TASK: Can you print the data exactly and leave out each image?

RECORDS FOR THIS TASK:
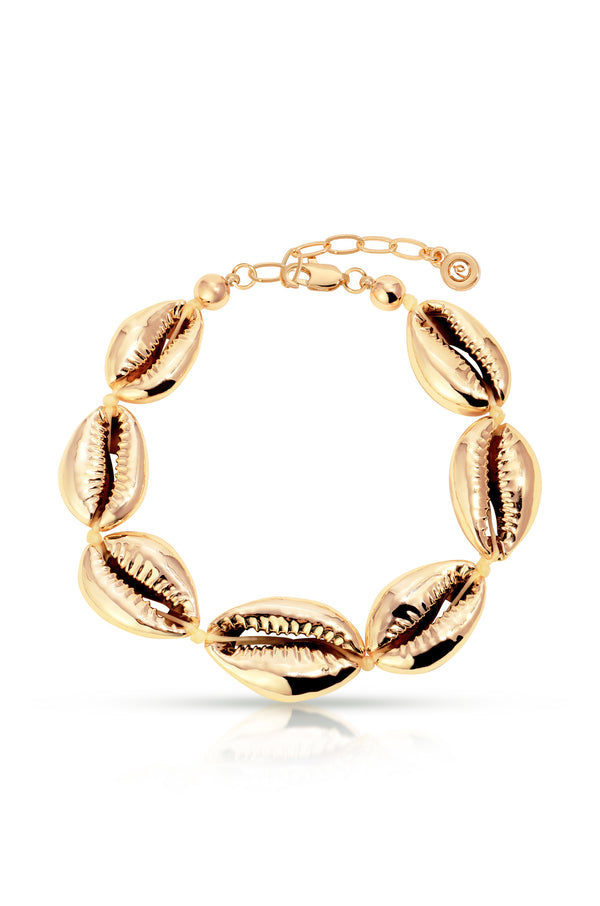 Seven Seas Shell Bracelet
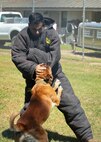 Lance Cpl. Nathanael Pino assists in a Military Working Dog demonstra�tion aboard Marine Corps Air Station Beaufort May 1.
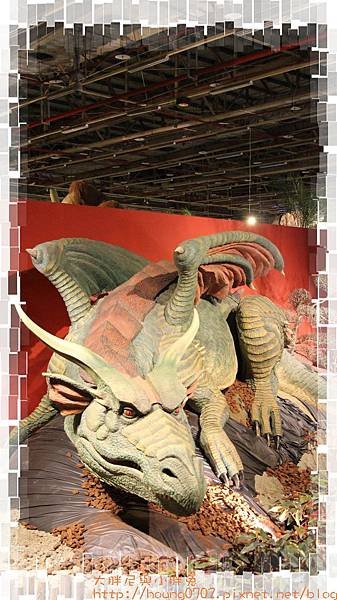 IMG_8891.jpg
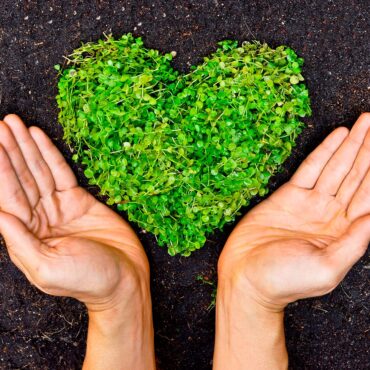 estilo de vida saludable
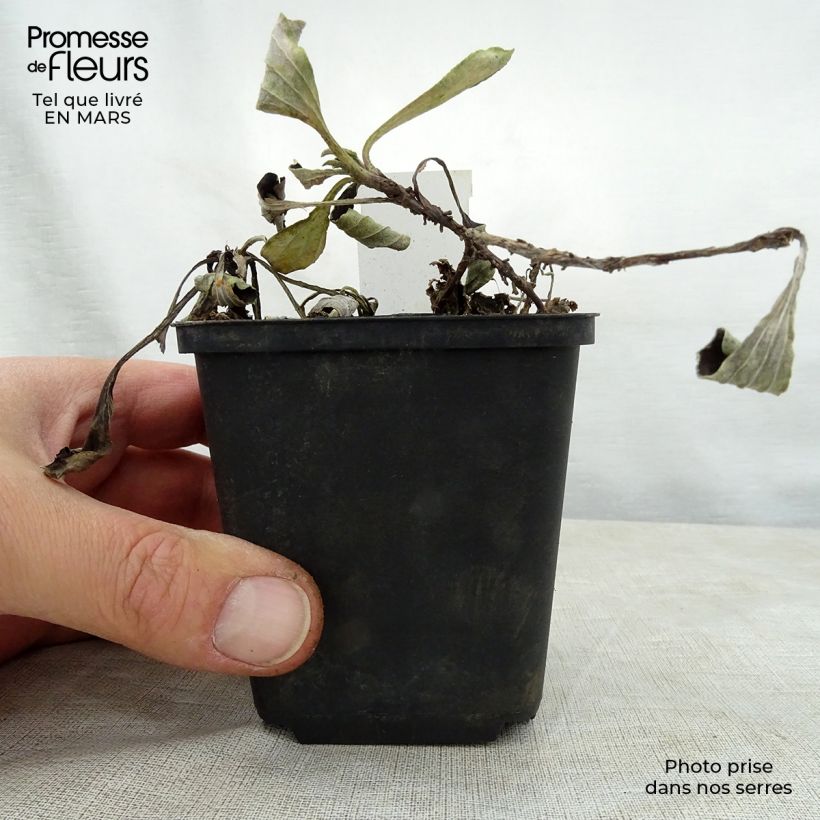 Exemplar von Antennaria plantaginifolia - Wegerichblättriges Katzenpfötchen Kleine Töpfe von 8/9 cm wie im Frühjahr geliefert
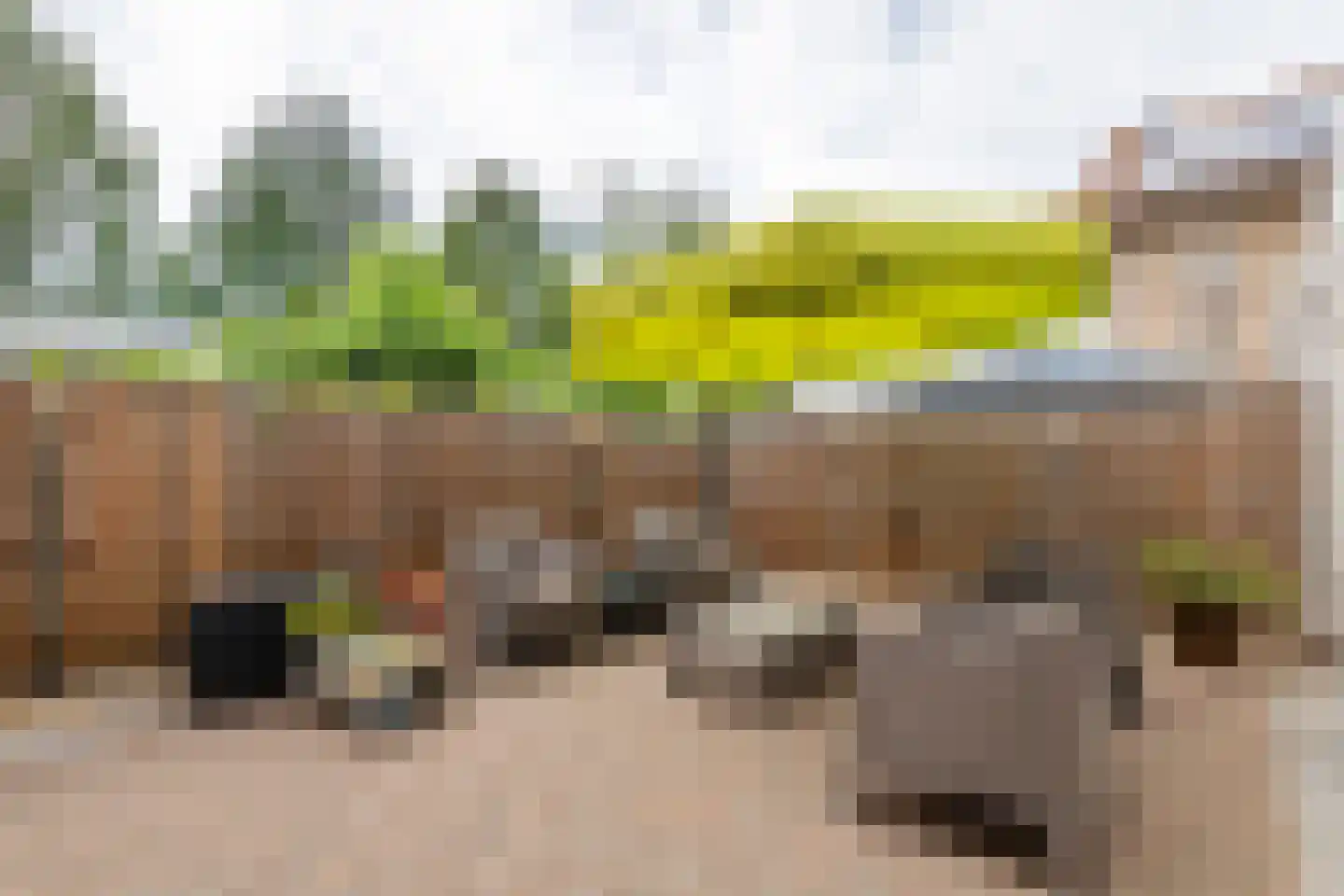 Alida de Jongstraat 61 Culemborg thumbnail 18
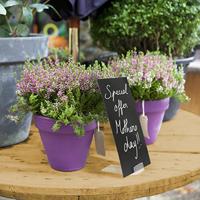 Securit krijtbordjes basis, pak met 10 stuks - thumbnail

EXERCISE RESPONSE:
 Seven Seas Shell Bracelet
 Lance Cpl. Nathanael Pino assists in a Military Working Dog demonstra�tion aboard Marine Corps Air Station Beaufort May 1.
 IMG_8891.jpg
 estilo de vida saludable
 Exemplar von Antennaria plantaginifolia - Wegerichblättriges Katzenpfötchen Kleine Töpfe von 8/9 cm wie im Frühjahr geliefert
 Alida de Jongstraat 61 Culemborg thumbnail 18
 Securit krijtbordjes basis, pak met 10 stuks - thumbnail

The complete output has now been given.